→ **TASK PROMPT**
Work out how many lines in the listing below carry the word "City". Give that number alone.

→ **SOURCE DATA**
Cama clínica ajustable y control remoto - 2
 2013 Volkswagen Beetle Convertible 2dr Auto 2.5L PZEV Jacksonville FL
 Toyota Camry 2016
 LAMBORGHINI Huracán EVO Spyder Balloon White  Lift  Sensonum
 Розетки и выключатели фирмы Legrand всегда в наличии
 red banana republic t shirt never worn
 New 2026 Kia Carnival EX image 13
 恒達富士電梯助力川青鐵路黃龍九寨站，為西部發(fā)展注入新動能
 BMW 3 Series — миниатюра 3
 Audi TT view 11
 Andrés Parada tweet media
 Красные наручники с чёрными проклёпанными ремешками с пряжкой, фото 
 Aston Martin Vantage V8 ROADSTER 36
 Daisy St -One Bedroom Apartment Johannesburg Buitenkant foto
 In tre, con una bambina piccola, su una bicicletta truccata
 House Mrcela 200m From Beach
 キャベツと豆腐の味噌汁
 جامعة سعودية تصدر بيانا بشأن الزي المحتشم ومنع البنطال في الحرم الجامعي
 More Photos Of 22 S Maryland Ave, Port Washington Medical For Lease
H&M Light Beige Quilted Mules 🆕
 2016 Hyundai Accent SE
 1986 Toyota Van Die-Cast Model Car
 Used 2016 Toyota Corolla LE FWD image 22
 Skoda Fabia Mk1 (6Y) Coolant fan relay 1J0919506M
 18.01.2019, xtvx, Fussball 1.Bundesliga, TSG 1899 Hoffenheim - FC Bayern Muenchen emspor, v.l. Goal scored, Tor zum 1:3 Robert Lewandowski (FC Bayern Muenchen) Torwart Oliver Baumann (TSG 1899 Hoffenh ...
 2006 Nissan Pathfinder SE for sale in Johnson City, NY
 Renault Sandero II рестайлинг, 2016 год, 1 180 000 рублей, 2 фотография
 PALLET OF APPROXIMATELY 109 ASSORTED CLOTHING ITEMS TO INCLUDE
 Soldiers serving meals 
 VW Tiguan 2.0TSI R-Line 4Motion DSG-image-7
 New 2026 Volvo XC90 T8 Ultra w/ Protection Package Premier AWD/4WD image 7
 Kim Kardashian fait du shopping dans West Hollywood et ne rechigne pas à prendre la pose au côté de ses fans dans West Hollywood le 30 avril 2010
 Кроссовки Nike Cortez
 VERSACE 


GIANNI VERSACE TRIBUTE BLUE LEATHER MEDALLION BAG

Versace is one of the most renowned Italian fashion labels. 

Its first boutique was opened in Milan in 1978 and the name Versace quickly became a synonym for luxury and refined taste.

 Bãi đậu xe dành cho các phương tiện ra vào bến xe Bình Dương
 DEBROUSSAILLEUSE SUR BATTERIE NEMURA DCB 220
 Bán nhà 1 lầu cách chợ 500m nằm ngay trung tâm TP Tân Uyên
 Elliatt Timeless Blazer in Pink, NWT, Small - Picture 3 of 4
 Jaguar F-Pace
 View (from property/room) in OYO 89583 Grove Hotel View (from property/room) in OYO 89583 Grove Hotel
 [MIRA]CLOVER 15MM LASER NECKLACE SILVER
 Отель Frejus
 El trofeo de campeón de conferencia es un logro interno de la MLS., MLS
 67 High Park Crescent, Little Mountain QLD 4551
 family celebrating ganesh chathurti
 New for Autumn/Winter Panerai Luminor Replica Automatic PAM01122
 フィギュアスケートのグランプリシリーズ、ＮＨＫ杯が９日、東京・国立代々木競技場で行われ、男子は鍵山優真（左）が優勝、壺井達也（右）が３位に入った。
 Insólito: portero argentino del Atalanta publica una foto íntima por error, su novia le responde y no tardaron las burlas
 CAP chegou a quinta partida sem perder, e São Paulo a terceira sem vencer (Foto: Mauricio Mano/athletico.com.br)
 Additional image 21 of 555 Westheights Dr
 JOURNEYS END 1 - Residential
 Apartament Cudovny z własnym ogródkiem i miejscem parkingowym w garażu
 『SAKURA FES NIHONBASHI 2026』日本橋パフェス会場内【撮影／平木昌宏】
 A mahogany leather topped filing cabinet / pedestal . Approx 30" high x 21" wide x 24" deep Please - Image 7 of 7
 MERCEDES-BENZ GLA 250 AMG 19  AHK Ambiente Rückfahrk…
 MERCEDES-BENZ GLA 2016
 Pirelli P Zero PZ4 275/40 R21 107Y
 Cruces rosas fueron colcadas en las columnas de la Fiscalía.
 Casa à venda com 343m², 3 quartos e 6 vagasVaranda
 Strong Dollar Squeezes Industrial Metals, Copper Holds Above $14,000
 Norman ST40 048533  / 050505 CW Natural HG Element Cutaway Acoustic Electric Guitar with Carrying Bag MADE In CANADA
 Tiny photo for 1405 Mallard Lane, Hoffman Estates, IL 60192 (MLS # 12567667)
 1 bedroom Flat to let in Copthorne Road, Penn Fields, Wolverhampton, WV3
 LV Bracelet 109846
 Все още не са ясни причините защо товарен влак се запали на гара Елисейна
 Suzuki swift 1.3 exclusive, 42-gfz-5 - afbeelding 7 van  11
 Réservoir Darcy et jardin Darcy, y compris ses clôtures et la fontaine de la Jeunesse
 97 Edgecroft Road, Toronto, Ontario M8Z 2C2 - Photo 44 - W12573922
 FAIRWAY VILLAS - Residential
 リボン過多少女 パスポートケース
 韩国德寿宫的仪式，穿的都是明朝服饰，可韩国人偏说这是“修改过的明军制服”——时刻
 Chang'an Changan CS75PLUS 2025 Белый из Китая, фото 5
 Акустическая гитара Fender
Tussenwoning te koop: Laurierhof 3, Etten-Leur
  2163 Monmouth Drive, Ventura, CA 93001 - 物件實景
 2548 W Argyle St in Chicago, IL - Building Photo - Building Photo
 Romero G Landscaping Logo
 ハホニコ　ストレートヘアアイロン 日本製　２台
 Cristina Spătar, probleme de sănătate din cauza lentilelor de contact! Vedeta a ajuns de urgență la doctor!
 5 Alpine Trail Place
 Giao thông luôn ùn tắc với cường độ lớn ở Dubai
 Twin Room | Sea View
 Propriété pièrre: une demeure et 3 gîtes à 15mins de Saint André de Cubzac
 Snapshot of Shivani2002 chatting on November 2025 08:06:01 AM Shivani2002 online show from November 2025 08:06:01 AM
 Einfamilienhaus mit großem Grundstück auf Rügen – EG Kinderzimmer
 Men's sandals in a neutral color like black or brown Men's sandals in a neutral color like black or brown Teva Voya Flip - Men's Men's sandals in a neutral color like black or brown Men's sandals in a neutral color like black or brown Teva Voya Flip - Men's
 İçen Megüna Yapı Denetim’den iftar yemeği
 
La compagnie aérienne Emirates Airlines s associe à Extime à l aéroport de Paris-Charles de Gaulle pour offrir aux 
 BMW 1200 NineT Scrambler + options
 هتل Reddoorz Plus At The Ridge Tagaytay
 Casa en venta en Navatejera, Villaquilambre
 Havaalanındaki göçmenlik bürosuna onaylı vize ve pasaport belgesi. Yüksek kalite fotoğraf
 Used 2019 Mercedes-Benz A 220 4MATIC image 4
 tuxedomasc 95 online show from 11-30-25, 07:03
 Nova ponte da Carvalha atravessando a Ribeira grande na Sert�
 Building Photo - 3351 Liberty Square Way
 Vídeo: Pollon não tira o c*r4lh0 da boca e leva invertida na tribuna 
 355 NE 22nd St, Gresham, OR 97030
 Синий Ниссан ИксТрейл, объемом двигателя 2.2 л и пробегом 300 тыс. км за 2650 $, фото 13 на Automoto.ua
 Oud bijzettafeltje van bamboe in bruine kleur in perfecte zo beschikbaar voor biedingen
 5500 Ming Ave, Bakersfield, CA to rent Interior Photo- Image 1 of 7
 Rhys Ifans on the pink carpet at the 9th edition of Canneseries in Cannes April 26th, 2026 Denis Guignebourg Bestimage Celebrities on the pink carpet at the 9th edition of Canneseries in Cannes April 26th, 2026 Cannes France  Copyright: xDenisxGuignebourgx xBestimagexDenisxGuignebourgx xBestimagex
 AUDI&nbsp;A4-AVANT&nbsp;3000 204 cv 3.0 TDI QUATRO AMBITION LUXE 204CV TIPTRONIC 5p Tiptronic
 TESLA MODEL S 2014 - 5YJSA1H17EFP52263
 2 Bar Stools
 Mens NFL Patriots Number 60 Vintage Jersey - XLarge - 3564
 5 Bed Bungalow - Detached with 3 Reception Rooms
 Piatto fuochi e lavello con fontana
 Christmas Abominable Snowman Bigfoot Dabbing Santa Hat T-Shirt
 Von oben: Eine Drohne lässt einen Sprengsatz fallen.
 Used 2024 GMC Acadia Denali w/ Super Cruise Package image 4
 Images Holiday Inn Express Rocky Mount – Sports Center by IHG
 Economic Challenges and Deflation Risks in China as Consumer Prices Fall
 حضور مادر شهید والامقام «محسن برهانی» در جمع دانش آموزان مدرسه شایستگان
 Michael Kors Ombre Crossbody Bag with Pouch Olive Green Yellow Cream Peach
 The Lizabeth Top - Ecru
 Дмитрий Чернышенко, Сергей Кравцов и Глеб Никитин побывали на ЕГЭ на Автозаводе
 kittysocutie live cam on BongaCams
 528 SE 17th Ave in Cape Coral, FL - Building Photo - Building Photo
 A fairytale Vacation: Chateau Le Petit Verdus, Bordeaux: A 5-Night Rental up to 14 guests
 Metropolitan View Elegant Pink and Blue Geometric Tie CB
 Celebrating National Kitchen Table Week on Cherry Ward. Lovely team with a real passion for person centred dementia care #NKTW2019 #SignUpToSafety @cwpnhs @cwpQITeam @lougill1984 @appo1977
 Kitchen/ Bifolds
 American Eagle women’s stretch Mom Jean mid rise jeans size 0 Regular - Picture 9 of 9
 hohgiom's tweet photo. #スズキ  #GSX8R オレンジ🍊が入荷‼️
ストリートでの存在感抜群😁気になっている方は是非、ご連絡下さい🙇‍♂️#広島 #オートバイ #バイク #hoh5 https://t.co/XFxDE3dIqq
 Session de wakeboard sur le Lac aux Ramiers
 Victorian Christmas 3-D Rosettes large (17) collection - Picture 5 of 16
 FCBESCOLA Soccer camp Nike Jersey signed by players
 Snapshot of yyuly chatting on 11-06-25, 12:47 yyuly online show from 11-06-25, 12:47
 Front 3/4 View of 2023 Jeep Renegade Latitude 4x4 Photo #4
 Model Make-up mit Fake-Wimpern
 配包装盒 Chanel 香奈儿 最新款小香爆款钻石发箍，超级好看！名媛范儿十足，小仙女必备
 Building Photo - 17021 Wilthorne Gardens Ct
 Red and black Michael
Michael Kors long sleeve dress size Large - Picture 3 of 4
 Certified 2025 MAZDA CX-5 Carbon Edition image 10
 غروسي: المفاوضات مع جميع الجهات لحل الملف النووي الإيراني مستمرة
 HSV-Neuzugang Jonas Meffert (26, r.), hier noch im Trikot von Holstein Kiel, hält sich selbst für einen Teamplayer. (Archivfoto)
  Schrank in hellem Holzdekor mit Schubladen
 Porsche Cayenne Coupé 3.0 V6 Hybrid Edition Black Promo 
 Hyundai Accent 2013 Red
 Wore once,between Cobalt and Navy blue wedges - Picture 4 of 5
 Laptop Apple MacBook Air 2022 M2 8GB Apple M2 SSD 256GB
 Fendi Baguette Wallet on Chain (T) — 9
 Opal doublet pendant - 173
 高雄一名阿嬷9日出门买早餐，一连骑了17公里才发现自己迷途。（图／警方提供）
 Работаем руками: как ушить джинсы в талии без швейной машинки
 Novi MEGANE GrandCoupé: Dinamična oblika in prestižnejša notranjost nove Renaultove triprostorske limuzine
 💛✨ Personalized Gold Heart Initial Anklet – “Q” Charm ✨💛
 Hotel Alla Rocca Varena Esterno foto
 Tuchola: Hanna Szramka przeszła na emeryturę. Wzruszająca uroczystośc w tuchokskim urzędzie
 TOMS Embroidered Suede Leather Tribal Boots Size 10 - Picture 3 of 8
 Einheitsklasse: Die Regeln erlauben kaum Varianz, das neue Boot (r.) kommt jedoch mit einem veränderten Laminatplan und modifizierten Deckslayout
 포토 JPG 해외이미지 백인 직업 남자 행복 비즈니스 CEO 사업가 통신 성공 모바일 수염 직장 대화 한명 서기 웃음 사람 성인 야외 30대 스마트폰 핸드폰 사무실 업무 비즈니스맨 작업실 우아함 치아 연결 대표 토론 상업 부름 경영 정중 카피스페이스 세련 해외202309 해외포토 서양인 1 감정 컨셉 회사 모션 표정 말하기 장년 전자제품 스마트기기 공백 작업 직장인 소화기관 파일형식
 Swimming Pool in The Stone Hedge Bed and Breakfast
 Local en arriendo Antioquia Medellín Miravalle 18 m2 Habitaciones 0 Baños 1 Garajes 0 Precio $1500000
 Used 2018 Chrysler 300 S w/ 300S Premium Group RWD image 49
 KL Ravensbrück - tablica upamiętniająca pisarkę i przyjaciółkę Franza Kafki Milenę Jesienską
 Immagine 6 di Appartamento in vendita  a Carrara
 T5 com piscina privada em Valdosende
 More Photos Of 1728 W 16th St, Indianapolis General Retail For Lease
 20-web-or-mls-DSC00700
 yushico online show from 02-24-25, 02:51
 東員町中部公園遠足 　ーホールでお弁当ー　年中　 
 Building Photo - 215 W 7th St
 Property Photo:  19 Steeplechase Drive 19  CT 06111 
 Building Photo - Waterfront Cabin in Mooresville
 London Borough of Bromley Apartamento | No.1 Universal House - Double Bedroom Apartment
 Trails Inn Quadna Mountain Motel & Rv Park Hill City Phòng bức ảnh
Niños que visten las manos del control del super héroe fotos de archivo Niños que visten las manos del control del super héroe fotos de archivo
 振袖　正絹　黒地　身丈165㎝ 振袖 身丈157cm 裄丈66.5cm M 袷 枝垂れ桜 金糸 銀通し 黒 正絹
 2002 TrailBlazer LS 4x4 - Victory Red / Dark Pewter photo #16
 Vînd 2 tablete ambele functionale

→ **EXERCISE ANSWER**
2